GM seeks SUV tariff exemption from Trump
General Motors asked the Trump administration to exclude its China-built Buick Envision from import tariffs, saying they would harm the company’s ability to compete in the U.S. luxury sport utility vehicle market.
GM sold 210,000 Envisions in China last year and just 42,000 in the U.S. — not enough deliveries in its domestic market to support a U.S. manufacturing plant. But the model is still needed to field a complete lineup and take on the likes of Audi, Lexus and Mercedes-Benz, the carmaker said in a July 30 letter to U.S. Trade Representative Robert Lighthizer.
“In order to have that vehicle available in the U.S. market, this is the only way that that can work for us,” GM President Dan Ammann told reporters Friday at an event in Detroit.

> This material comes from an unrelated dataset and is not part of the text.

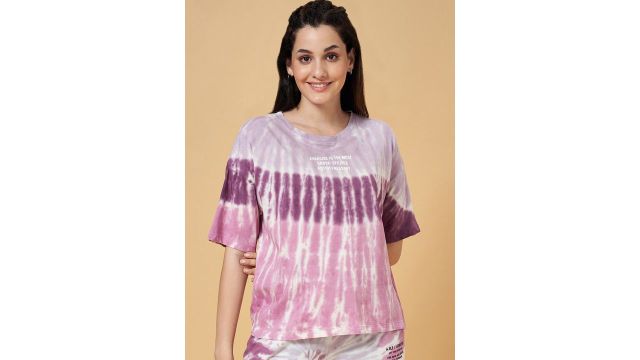 Ajile by Pantaloons Tie and Dye Printed Round Neck Pure Cotton Relaxed Fit T-shirt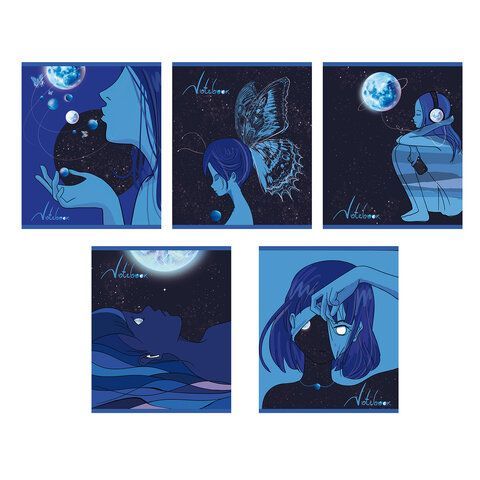 Тетрадь А5 48 л., ПЗБМ скоба, клетка, Soft-Touch, глиттер, "Космо" (микс в спайке), 23829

President Donald Trump’s administration said in June that it planned to impose 25 percent duties on Chinese products including motor vehicles, which could boost the price of a $31,995 Envision by about $8,000. Trade tensions have kept escalating since then, with Beijing announcing a list Friday of $60 billion worth of U.S. imports on which it plans to apply tariffs if Trump follow through on his latest threats.
Carmakers across the world, from Germany’s BMW to Hyundai Motor Co. of South Korea, have separately urged Trump not to impose higher duties on imported cars in general under a Commerce Department investigation of whether they pose national security risks. GM itself warned in June it might shrink U.S. operations and cut jobs if bigger levies are implemented.
“While the volume of Envisions sold in the U.S. is small, it is strategically important and essential to the Buick brand,” Craig Glidden, GM’s general counsel, said in the company’s request for exclusion. “A 25 percent tariff on the Envision may eliminate the vehicles from Buick’s U.S. offerings.”